# Recorded data
'''

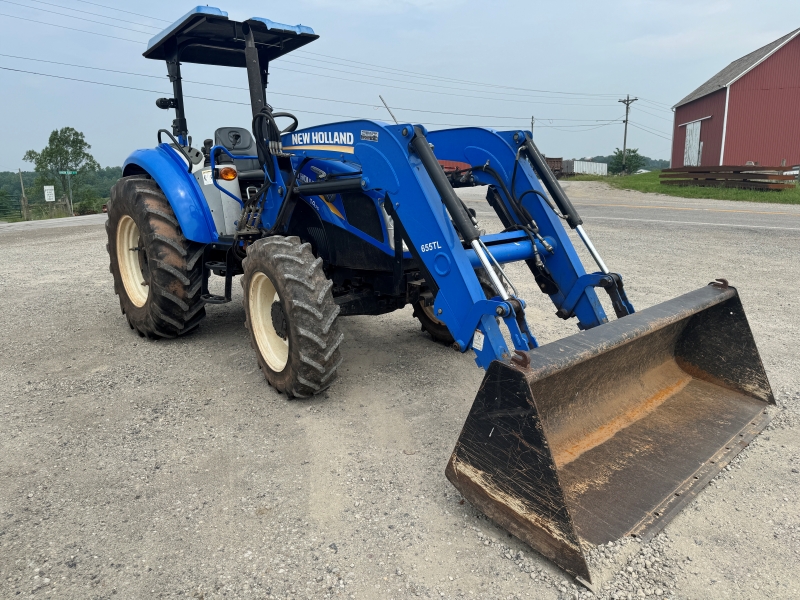 2012 New Holland T4.75 tractor for sale at Baker and Sons Equipment in Ohio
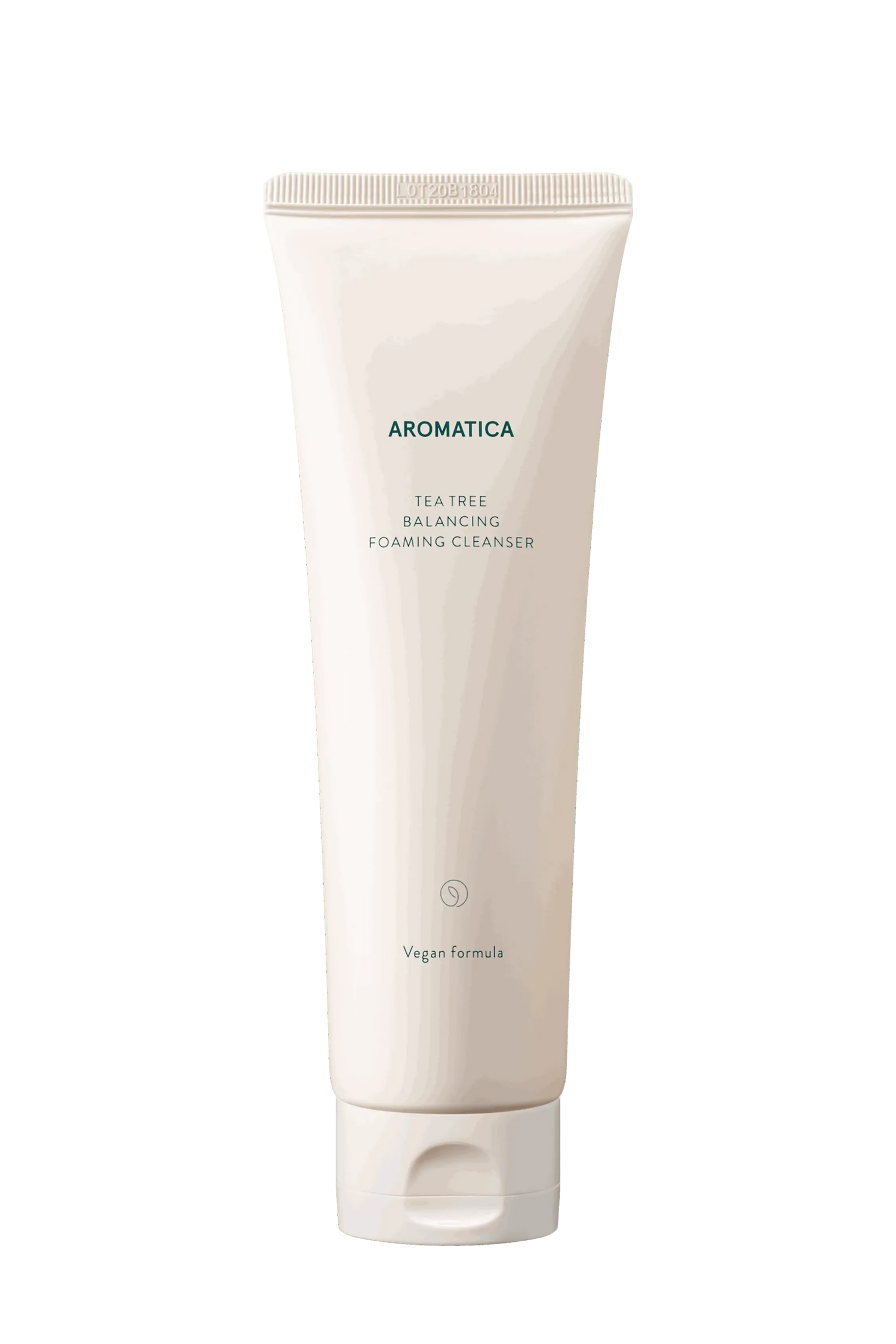 Nettoyant moussant équilibrant au tea tree.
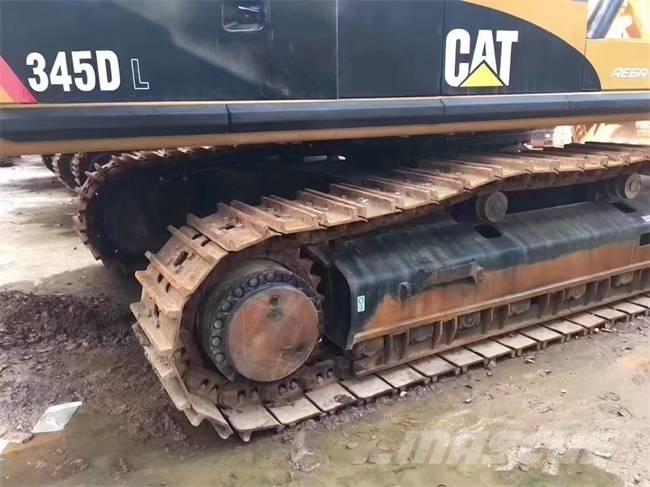 CAT 345 D L Bagri goseničarji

'''

# Work order
The answer should contain only the lines from the one with "Nettoyant moussant équilibrant au tea tree." through the last line of the material, given word for word and without pictures.

# Completed exercise
 Nettoyant moussant équilibrant au tea tree.
 CAT 345 D L Bagri goseničarji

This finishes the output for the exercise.